Before the Bowie County Commissioner's Court in Texas begins its official business, it recites the Pledge of Allegiance, and a prayer. But a county judge wants to be sure the written record contains no mention of those pledges or prayers, and has ordered the local clerk not to record them. She refuses to go along and cover up what she believes is right. And now could face the consequences.
Last week, Natalie Nichols, a County Clerk in Bowie, stood up to a judge and refused to erase the pledge and prayer from the official minutes of the county commissioner's meeting. For standing on principle, she could end up paying a fine, or even go to jail.

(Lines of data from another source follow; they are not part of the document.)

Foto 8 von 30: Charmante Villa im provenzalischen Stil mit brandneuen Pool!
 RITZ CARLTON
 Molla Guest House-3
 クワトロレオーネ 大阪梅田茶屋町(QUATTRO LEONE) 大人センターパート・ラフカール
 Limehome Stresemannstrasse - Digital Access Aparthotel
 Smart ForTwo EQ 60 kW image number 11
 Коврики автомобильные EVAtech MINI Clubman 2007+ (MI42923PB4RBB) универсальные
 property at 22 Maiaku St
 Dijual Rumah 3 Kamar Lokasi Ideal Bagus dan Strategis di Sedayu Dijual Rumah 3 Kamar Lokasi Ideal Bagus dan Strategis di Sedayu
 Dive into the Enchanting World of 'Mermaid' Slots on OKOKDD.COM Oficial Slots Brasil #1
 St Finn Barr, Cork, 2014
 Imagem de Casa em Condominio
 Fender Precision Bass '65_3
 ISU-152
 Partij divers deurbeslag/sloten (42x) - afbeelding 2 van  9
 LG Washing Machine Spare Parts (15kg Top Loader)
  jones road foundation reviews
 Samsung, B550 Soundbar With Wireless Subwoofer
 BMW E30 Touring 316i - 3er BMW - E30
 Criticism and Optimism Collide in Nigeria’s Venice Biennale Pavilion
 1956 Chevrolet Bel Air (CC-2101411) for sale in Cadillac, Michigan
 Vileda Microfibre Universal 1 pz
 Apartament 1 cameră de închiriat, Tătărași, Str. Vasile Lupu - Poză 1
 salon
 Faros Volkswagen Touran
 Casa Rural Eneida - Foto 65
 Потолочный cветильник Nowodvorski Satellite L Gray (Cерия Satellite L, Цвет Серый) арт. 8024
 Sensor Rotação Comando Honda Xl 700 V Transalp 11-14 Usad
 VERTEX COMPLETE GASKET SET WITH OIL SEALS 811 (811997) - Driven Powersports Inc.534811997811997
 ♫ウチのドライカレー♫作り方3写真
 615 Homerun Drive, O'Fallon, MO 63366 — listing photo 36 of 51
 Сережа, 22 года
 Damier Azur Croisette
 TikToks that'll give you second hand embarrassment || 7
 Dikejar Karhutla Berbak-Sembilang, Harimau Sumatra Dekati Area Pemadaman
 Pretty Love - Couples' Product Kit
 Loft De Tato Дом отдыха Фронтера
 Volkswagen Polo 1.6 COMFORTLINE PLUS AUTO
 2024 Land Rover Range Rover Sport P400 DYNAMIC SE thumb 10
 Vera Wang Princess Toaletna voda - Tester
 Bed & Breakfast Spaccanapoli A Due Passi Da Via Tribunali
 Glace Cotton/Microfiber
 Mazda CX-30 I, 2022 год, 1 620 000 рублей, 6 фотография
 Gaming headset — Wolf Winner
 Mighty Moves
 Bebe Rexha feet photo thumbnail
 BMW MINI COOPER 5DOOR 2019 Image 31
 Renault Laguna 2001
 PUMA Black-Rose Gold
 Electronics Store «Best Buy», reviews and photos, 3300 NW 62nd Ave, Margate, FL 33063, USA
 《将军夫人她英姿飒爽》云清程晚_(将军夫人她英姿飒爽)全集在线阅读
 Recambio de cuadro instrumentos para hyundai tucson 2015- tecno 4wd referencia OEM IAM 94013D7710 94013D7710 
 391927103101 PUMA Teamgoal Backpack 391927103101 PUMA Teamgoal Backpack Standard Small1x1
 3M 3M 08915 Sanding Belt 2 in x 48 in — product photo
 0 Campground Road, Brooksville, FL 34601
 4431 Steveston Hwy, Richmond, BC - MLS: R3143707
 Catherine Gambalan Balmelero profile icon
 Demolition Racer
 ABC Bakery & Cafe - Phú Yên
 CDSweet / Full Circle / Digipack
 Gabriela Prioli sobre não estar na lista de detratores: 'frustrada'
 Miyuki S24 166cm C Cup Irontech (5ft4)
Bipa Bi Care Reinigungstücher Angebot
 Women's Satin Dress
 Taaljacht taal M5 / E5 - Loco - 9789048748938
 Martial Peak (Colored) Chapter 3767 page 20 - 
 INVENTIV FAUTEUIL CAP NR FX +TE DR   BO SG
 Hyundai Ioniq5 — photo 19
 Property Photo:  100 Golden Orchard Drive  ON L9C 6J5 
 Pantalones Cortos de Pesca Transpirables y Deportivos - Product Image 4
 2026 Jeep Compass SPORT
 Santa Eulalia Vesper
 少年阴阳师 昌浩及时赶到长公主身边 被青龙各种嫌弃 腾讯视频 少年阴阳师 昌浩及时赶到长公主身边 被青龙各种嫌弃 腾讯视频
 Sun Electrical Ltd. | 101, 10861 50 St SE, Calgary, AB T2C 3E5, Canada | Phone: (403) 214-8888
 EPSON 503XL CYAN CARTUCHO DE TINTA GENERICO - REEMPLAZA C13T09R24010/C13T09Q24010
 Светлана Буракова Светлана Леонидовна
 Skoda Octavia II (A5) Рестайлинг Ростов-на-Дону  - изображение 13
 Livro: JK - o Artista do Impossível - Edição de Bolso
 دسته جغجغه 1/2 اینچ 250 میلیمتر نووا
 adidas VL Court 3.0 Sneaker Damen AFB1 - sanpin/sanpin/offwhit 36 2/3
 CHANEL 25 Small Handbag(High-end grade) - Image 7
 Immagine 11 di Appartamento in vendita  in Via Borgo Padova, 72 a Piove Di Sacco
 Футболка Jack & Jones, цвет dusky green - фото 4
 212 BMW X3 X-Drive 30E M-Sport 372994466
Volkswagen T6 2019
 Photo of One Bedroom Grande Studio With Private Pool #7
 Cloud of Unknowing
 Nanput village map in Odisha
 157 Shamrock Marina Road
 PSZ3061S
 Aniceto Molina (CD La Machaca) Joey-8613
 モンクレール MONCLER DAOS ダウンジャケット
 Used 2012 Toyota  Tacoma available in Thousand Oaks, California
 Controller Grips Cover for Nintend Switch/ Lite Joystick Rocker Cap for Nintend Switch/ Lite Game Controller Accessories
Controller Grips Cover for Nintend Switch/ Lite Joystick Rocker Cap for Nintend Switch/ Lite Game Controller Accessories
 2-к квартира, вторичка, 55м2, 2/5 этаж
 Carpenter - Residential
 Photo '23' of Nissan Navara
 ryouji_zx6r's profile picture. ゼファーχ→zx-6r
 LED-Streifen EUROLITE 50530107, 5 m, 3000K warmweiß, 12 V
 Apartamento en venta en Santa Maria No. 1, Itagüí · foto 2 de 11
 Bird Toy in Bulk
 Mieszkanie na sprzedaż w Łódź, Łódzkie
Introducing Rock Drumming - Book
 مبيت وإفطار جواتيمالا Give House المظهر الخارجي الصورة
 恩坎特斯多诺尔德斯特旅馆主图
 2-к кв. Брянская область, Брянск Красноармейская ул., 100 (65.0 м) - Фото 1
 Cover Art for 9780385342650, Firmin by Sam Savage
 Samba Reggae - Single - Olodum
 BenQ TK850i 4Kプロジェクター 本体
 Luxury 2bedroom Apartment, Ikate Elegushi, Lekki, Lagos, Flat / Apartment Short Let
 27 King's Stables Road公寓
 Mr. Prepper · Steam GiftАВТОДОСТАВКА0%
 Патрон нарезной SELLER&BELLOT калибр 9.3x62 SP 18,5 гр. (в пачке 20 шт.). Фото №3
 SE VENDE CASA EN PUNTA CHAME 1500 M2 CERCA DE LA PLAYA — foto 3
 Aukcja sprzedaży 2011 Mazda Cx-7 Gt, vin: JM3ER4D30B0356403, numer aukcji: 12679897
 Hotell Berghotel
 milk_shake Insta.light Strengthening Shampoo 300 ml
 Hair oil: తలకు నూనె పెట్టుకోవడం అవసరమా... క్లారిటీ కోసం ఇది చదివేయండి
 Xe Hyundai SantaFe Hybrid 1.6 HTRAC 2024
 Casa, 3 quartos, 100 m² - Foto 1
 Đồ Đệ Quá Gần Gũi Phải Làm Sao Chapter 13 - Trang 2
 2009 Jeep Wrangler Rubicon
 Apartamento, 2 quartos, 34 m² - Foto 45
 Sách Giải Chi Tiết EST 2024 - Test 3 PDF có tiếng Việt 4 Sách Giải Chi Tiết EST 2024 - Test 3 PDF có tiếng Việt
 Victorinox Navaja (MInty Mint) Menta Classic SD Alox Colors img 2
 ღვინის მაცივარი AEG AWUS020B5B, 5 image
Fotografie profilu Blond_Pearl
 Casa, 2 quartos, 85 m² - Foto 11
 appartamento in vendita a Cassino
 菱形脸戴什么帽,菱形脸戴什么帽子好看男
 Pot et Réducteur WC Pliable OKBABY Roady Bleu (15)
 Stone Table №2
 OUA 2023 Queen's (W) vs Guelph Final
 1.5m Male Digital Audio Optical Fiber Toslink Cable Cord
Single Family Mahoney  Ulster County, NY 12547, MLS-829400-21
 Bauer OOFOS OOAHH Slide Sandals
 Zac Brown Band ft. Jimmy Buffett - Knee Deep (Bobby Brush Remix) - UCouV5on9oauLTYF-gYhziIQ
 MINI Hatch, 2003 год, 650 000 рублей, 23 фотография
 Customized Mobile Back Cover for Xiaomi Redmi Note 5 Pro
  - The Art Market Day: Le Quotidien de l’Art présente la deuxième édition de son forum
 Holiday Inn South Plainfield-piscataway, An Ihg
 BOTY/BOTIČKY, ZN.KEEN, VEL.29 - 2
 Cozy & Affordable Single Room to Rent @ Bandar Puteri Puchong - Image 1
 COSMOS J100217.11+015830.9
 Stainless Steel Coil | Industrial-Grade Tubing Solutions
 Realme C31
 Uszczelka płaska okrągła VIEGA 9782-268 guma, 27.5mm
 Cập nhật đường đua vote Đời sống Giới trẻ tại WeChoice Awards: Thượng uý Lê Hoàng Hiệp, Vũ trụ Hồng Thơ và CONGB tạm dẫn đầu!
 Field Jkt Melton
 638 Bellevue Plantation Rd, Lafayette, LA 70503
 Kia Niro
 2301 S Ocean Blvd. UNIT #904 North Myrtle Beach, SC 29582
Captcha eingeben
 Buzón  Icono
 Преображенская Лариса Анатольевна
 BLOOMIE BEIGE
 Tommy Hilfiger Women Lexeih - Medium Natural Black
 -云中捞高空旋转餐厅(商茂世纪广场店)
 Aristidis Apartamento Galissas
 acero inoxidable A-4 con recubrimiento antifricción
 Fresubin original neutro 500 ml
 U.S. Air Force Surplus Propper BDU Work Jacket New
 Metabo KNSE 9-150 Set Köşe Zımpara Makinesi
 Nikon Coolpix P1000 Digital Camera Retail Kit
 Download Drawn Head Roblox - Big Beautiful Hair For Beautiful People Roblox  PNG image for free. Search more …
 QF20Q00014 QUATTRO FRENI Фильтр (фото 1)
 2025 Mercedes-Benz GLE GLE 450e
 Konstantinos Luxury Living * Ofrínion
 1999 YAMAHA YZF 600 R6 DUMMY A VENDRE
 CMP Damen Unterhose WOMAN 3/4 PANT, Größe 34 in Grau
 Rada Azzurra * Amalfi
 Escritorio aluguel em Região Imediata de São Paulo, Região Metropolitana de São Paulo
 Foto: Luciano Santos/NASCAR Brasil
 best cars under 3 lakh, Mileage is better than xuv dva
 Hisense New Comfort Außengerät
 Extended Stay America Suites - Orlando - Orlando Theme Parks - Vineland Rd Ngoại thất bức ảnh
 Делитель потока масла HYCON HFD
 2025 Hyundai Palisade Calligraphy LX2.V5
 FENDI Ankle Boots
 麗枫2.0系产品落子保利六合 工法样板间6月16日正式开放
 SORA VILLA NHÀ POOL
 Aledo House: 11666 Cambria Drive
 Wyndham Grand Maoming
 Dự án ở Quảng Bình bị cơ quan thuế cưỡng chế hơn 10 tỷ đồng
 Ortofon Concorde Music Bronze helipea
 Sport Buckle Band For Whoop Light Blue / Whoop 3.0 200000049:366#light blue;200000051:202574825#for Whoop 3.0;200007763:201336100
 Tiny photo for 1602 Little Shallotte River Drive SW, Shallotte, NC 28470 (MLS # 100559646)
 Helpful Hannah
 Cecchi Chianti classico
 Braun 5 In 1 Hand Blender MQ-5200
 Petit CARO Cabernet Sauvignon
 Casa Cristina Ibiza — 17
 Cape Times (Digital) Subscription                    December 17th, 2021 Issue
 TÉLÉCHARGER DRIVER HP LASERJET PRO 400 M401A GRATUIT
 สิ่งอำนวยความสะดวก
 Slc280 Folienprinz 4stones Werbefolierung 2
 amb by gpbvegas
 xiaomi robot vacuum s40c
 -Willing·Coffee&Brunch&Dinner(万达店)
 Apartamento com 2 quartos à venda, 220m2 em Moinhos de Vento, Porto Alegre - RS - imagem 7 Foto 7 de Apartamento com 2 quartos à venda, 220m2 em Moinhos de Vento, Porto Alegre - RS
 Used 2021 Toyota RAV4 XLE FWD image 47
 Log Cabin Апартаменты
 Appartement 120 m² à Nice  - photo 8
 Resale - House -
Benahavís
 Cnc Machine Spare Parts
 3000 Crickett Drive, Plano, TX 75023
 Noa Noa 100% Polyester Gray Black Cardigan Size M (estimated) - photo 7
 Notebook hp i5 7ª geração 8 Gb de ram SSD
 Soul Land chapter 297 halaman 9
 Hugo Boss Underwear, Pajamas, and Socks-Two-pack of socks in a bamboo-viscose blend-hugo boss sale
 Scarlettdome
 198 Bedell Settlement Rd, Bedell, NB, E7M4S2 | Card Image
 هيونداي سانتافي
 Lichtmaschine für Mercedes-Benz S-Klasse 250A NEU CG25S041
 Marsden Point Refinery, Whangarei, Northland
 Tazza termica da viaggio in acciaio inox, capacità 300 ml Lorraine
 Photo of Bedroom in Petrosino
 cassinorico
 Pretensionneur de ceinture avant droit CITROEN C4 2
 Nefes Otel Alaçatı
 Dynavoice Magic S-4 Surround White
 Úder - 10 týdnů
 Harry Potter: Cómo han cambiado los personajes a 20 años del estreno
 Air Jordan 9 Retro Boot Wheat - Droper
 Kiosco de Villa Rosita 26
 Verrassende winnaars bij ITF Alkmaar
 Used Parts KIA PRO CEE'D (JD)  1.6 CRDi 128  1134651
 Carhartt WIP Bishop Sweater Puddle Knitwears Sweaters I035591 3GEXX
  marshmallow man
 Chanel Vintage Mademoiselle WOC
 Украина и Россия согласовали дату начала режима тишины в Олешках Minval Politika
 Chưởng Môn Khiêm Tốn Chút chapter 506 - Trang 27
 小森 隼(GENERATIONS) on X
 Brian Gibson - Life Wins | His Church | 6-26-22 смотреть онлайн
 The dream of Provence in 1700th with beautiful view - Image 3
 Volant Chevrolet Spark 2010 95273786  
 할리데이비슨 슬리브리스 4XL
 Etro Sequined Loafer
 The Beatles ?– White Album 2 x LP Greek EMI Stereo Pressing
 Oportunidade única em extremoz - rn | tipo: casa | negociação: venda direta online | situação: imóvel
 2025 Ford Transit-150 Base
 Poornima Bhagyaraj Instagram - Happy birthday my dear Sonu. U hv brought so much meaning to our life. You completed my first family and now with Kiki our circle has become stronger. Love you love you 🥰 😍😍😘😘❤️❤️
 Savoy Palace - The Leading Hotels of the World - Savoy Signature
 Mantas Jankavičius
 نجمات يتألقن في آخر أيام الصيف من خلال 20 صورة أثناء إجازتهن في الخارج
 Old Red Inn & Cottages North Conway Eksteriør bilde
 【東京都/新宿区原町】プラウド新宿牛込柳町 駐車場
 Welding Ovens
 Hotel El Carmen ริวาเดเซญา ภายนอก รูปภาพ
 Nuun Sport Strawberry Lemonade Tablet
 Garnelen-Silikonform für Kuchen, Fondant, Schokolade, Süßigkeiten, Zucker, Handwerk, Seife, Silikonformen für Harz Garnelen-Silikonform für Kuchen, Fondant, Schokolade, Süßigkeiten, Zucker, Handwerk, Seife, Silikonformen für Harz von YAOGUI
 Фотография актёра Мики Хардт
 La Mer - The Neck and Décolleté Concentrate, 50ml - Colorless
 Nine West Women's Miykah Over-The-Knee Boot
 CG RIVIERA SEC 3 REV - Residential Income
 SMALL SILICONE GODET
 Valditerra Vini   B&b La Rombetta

Ms. Nichols alleges that Judge Sterling Lacy physically crossed through and x-ed out the pledge and prayer in the official record of the minutes, and then lied about doing it. Apparently, the judge was afraid of possible lawsuits, and wanted all the participants in the meeting to pretend that no prayer or pledge was recited.
Fox News reports on what Judge Lacy allegedly said:
"...Purposely do not place items such as the pledge and/or invocation on the Agenda, and purposely perform them prior to to calling the meeting to order for fear of being sued by an organization such as the ACLU and do not want to give the impression that it is the court's official stance."
Nichols refused to do this, and now Judge Lacy has lodged a complaint with the County Sheriff, stating that Ms. Nichols disrupted the proceedings of the Commissioner's meeting.
The Sheriff's Office states it will investigate the matter and present its findings to the Distict Attorney's Office. The DA will then decide whether to put Ms Nichols before a grand jury.
Nichols, however, does not seem the least bit deterred by the prospect of criminal charges.
"If I need to go to jail for standing up this country and for God, I will do so," she told Fox News in an interview Monday morning. "A lot of people bled and died for this country, I'm risking a little bit of jail time. I'm okay with that."